Data entries
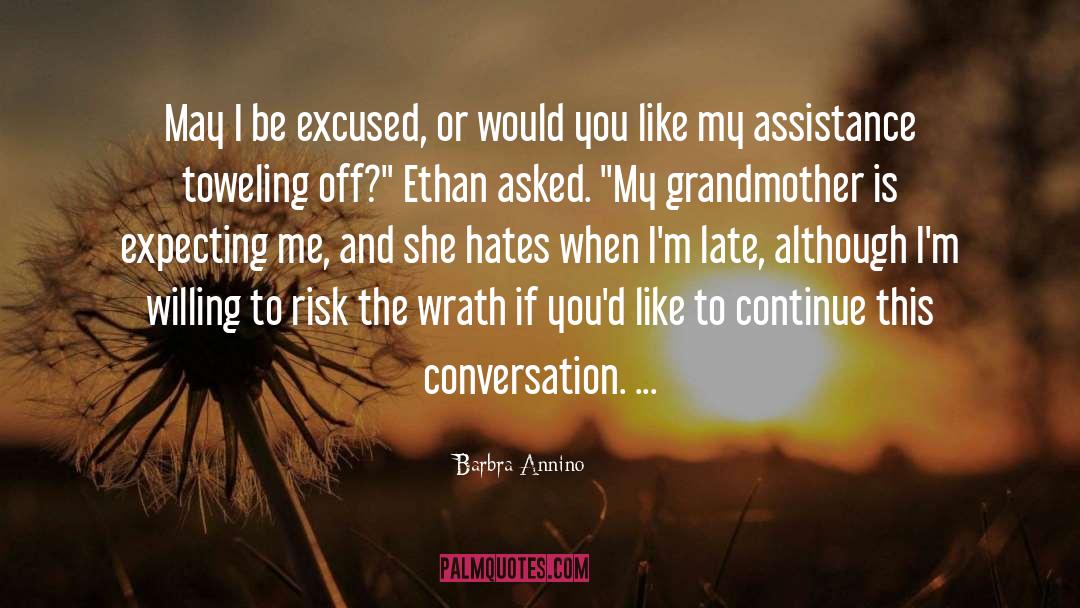 Barbra Annino Quotes: May I be excused, or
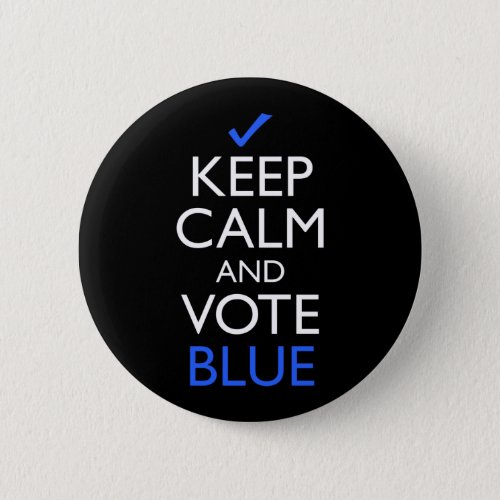 Keep Calm And Vote Blue Button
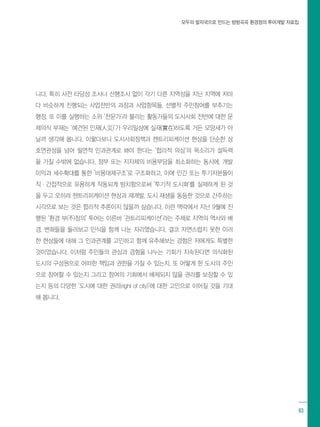 모두의 발자국으로 만드는 방방곡곡 환경정의 투어개발 자료집
63
니다. 특히 사전 타당성 조사나 선행조사 없이 각기 다른 지역성을 지닌 지역에 저마
다 비슷하게 진행되는 사업전반의 과정과 사업항목들, 선별적 주민참여를 부추기는
행정, 또 이를 실행하는 소위 ‘전문가’라 불리는 활동가들의 도시사회 전반에 대한 문
제의식 부재는 ‘예견된 인재(人災)’가 우리일상에 실재(實在)하도록 거든 모양새가 아
닐까 생각해 봅니다. 이렇다보니 도시사회정책과 젠트리피케이션 현상을 단순한 상
호연관성을 넘어 필연적 인과관계로 봐야 한다는 ‘합리적 의심’의 목소리가 설득력
을 가질 수밖에 없습니다. 정부 또는 지자체의 비용부담을 최소화하는 동시에, 개발
이익과 세수확대를 통한 ’비용대체구조‘로 구조화하고, 이에 민간 또는 투기자본들이
직·간접적으로 유용하게 작동되게 방치함으로써 ’투기적 도시화‘를 실재하게 된 것
을 두고 오히려 젠트리피케이션 현상과 재개발, 도시 재생을 동등한 것으로 간주하는
시각으로 보는 것은 합리적 추론이지 않을까 싶습니다. 이런 맥락에서 지난 9월에 진
행된 ‘환경 부(不)정의’ 투어는 이른바 ‘관트리피케이션’라는 주제로 지역의 역사와 배
경, 변화들을 둘러보고 인식을 함께 나눈 자리였습니다. 결코 자연스럽지 못한 이러
한 현상들에 대해 그 인과관계를 고민하고 함께 유추해보는 경험은 저에게도 특별한
것이었습니다. 이처럼 주민들의 관심과 경험을 나누는 기회가 지속된다면 의식화된
도시의 구성원으로 어떠한 책임과 권한을 가질 수 있는지, 또 어떻게 한 도시의 주인
으로 참여할 수 있는지 그리고 참여의 기회에서 배제되지 않을 권리를 보장할 수 있
는지 등의 다양한 ‘도시에 대한 권리(right of city)’에 대한 고민으로 이어질 것을 기대
해 봅니다.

• **What you have to do**:
Beginning with the line that contains "으로 참여할 수 있는지 그리고 참여의 기회에서 배제되지 않을 권리를 보장할 수 있", set down every line through the end of the data without change.

• **Answer box**:
으로 참여할 수 있는지 그리고 참여의 기회에서 배제되지 않을 권리를 보장할 수 있
는지 등의 다양한 ‘도시에 대한 권리(right of city)’에 대한 고민으로 이어질 것을 기대
해 봅니다.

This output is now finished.